Uczerniony sadzą, upocony, z siekierą czy łopatą w garści będziesz spędzał w kotłowni czas po pracy zarobkowej, aby we wnętrzach było jako-tako.

Ale inaczej , po prostu, się nie da w takim układzie! KTOŚ robić to MUSI!

Wszelkie dążenia do bezobsługowości i zmniejszenia ilości własnej pracy wkładanej w ten proces okupywane są coraz większą rozrzutnością energii pchanej do układu i nieoptymalnym sposobem jego działania!

Są kotły, co same sobie podają, regulują i palą...

Poczytaj CO palą i ILE to paliwo kosztuje!

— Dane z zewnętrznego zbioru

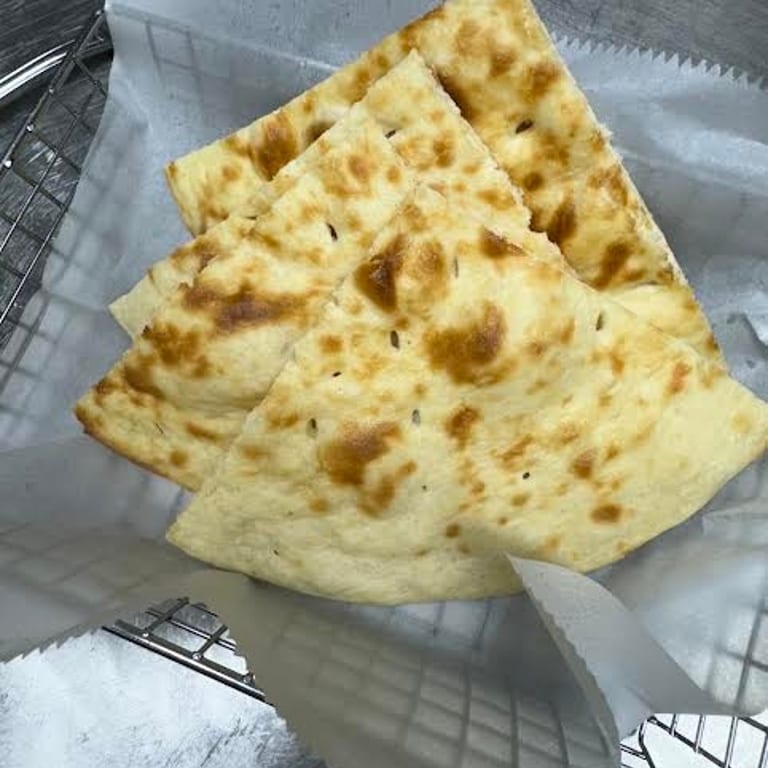 Savor our authentic naan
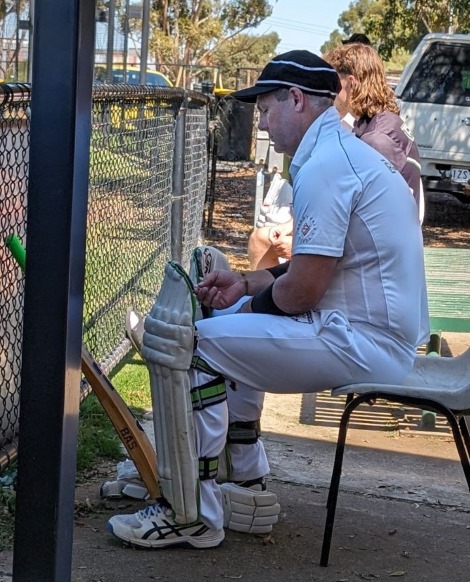 A pensive Geoff McKeown waits to go in to bat in his 200th game.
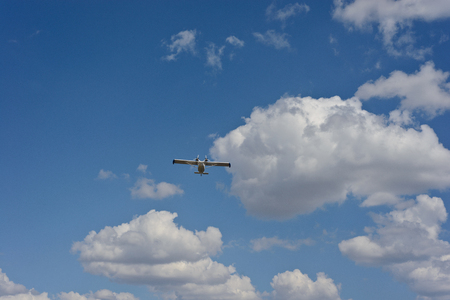 Light airplane against the blue sky with white clouds backgroundの写真素材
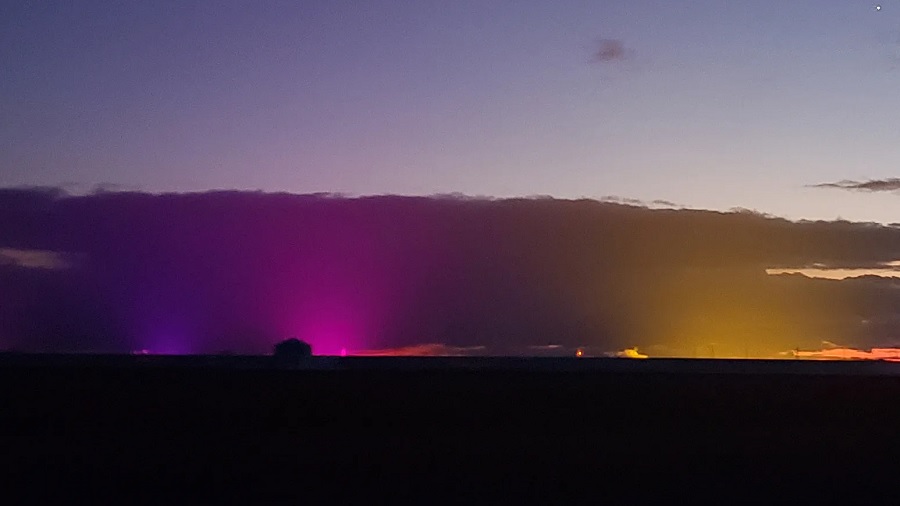 Fotografia registrada em Leamington, no início da noite, que mostra o céu com nuvens iluminadas por luzes de cor roxa, rosa e amarela e dividindo uma linha reta com o horizonte escuro. Foto: Peter Loewen | The Detroit News.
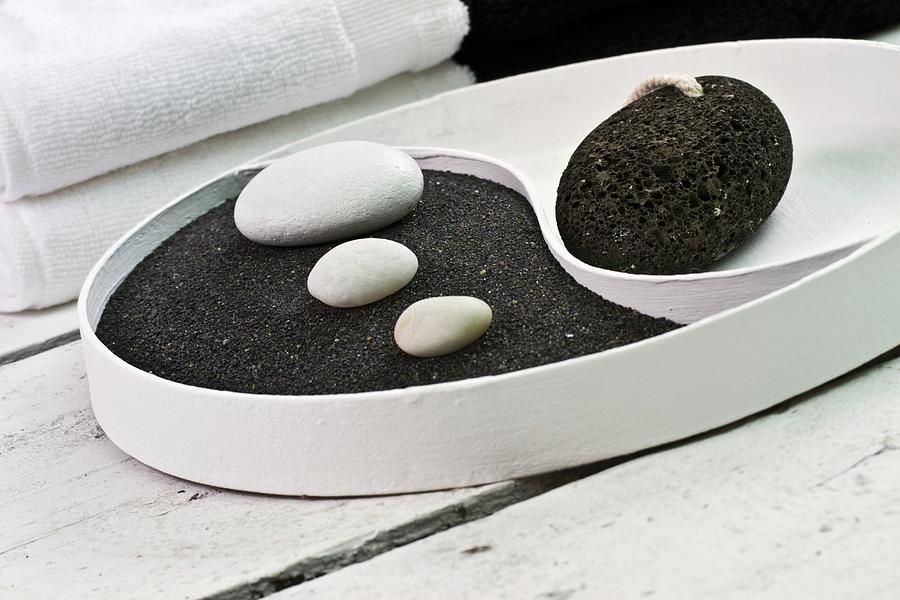 Yin And Yang Dish With Black Pumice And White Pebbles Photograph by Uwe Merkel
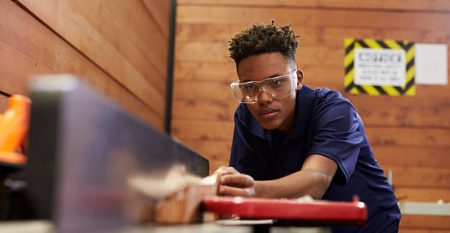 Carpenter Using Plane In Woodworking Woodshop
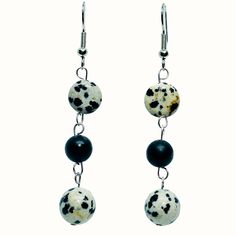 Natural Dalmatian Jasper beads and matte black Onyx gemstone dangle earrings.on stainless steel earring posts. The hang at 2.5 inches. The neutral palette of the Dalmatian Jasper earrings makes them a versatile accessory that effortlessly harmonizes with an array of colors. Whether paired with a classic little black dress for a touch of intrigue, or with a vibrant blouse to create a captivating contrast, these earrings adds a dash of artistic flair to any ensemble. Dalmatian Jasper, also known a Dalmatian Stone, Classic Little Black Dress, Dalmatian Jasper, Jasper Earrings, Druzy Earrings, Onyx Gemstone, Handmade Gift Wrap, Earring Posts, Jasper Beads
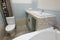 Unfinished repairs in bathroom, a pedestal under the washbasin, under which there is a washing machine, and a toilet bowl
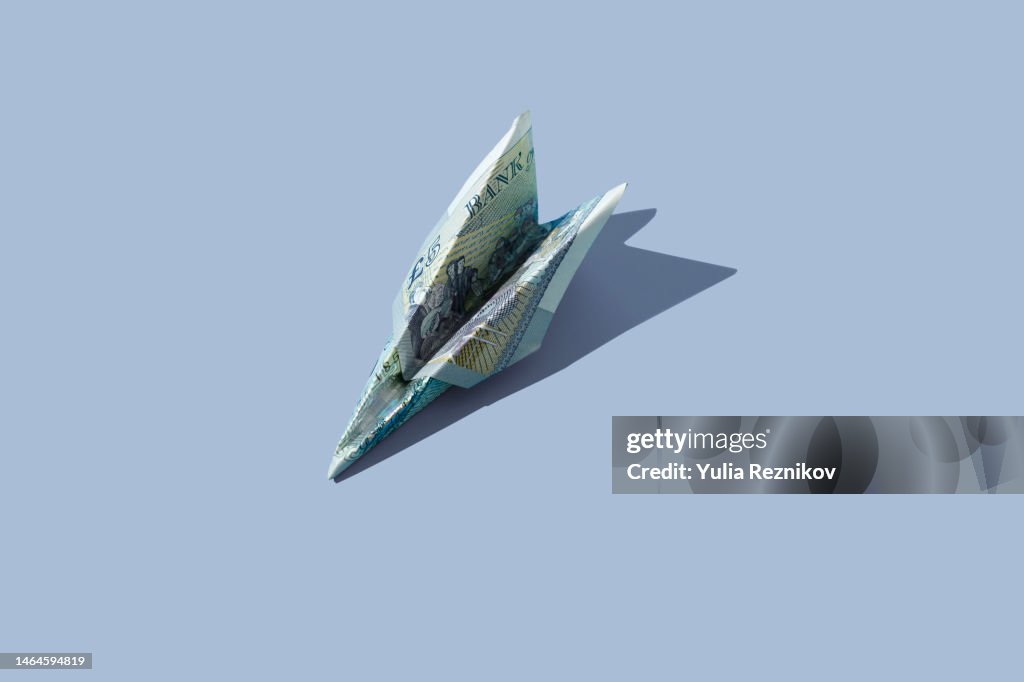 5 pound banknote in shape of airplane on the blue background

Poczytaj JAK zazwyczaj palą...

A dalej masz na wyjściu wodę 80stC i nie wepchasz jej do podłogówki!

Tylko żeliwiaki!

Mówisz - NIE! TAK NIE CHCĘ!!!

- I zaczyna się robienie tego, co się jak piszesz - "nie zwraca"!

 

Gaz! Kocioł gazowy i sterowanie!

- Tak, ale znacznie drożej i bardziej złożone! WYMUSZA układ zamknięty (ciśnieniowy) systemu grzewczego!

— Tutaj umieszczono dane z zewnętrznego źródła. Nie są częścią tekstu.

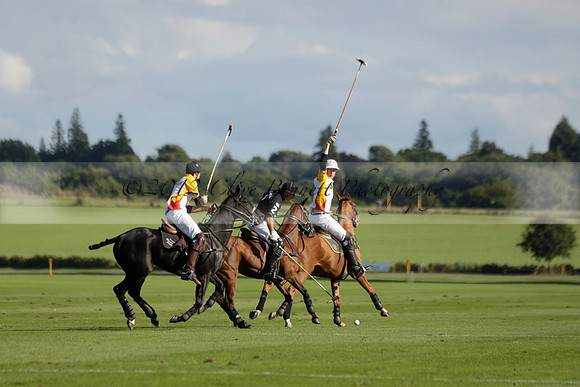 Aryana (black) v Shoreline (yellow) in a Farewell Cup polo match played on Ambersham 5 at Cowdray Park Polo Club on Wednesday 18 September 2013. www.polopictures.co.uk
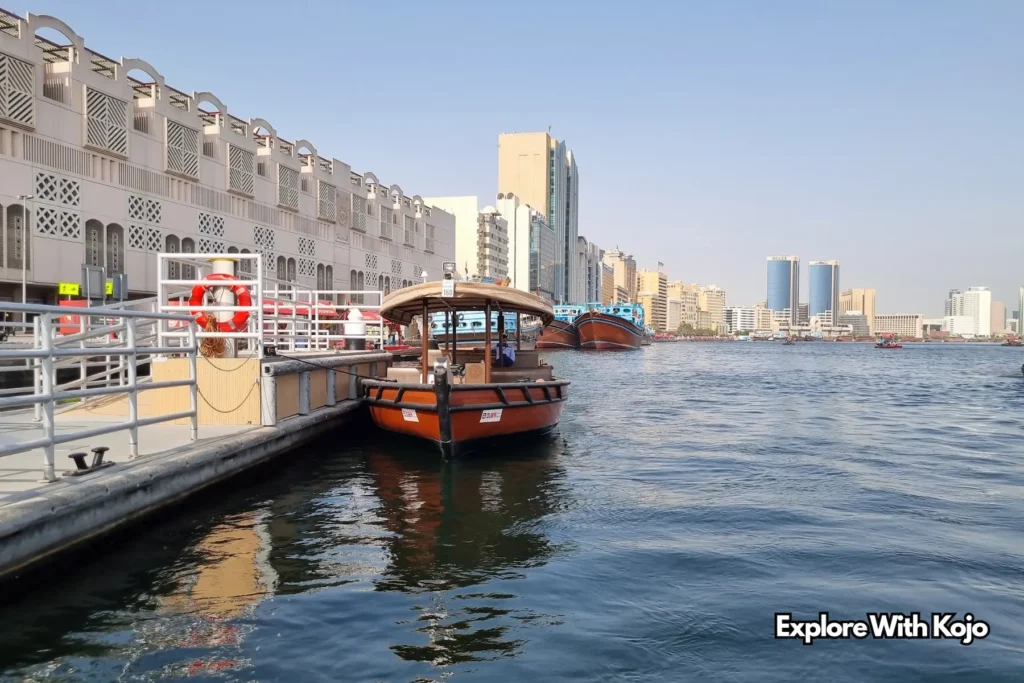 Abra water taxi docked at Dubai Creek station with modern skyline view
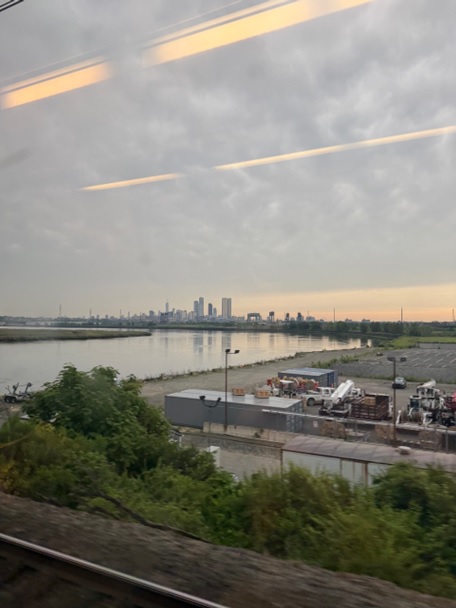 A city skyline seen from a window  AI-generated content may be incorrect.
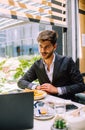 Businessman having breakfast and doing his work in cafe Royalty Free Stock Photo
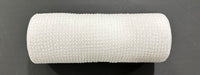 A close-up of the 10X10Y White All Snow Fuzz Mesh XB253610-01 medical bandage roll, showcasing its textured surface against a black background.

Stały koszt energii niemały i zależny od tego, w która stronę "Ruscy" gdzieś tam daleko kurkiem pokręcą...

 

Prąd!

Tak.... Tanio w inwestycji, proste w obsłudze, ale jak rachunek przyniosą to relanium albo połówka koniecznie potrzebne!

 

DLATEGO właśnie to GWC!

ZNACZNIE ułatwia pracę wszystkich pozostałych systemów i zmniejsza mocno stawiane im wymagania.

 

To, co tu poruszyłem to sam wierzchołek góry lodowej...

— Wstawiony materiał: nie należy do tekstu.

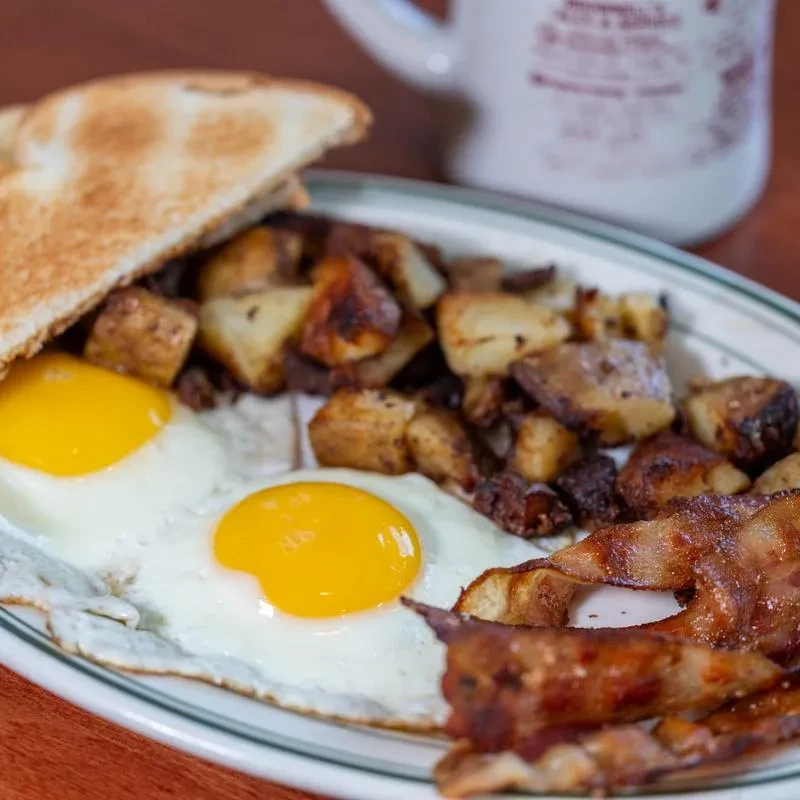 Restaurant plate with sunny-side-up eggs, bacon, roasted potatoes, and toast.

Reszta, te pozostałe 9/10 jest nawet nie wspomniane....

A całość - to budowanie trwałego, energooszczędnego, komfortowego i nie absorbującego właściciela - domu.

 

Adam M.

Odnośnik do komentarza
Udostępnij na innych stronach

Inaczej....

 

GWC, jak poprawnie zrobione, "spłaszcza" warunki klimatyczne, w jakich ten dom stoi.

NIGDY nie "zobaczy" ani ostrej zimy ani wściekłych upałów.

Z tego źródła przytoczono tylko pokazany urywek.